Time spent : 1.5 hours
#Featurepreneur #Featurethon #Jina
DAY 1 : Understanding Neural Search and Role of JINA AI - 25/10
In the first day of the learning challenge, I went through what is neural search and how it revolutionises the searching process, it's cool features and the problems one has to handle when creating it. The most important part of it was learning how Jina AI could help solve those issues.
Source of learning : JINA AI Documentation
Time spent : 1.5 hours
#Featurepreneur #Featurethon #Jina
DAY 2 : Installation and Basics of JINA AI - 26/10
Today, I began completed the installation of JINA AI using conda and surfaced through the different components of JINA AI.
Guide for installation : JINA AI Installation
Note: It is a good practice to create a new environment for JINA AI specifically.
Time spent : 2.5 hr
#Featurepreneur #Featurethon #Jina
DAY 3 : Basic Components in JINA AI - 27/10
I delve into the basic components in JINA AI. There are basically three of them which govern the working of JINA AI.
- Document - it deals with all the datatypes provided.
- Executor - it is used to execute the Document the way we want.
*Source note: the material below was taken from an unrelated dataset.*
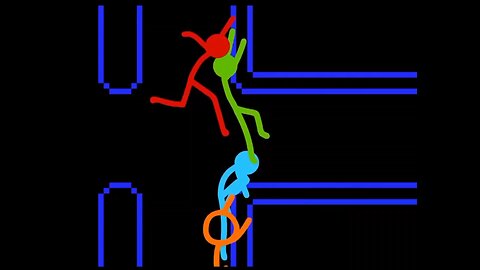 stickman vs Arcade Games Part-2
- Flow - it is like a pipeline to direct which is to be executed when.
Time spent : 1.5 hours
#Featurepreneur #Featurethon #Jina
DAY 4 : Data Collection - 28/10
I worked on collecting data for the project which gave me an opportunity to explore webscrapping. I used selenium
for the process and it was extremely satisfying though!! Today, there was a significant progress in the learning journey and I hope to make more.
Selenium documentation : Click Here
Time spent : 2 hours
#Featurepreneur #Featurethon #Jina
DAY 5 : Document in JINA AI - 29/10
Today I learnt about the Document
in Jina AI. Documents are basically datatypes in Jina. You can have any of the following type.
- URI - link to local files like file path or URL.
- Blob - for images, videos, audios and 3D Mesh.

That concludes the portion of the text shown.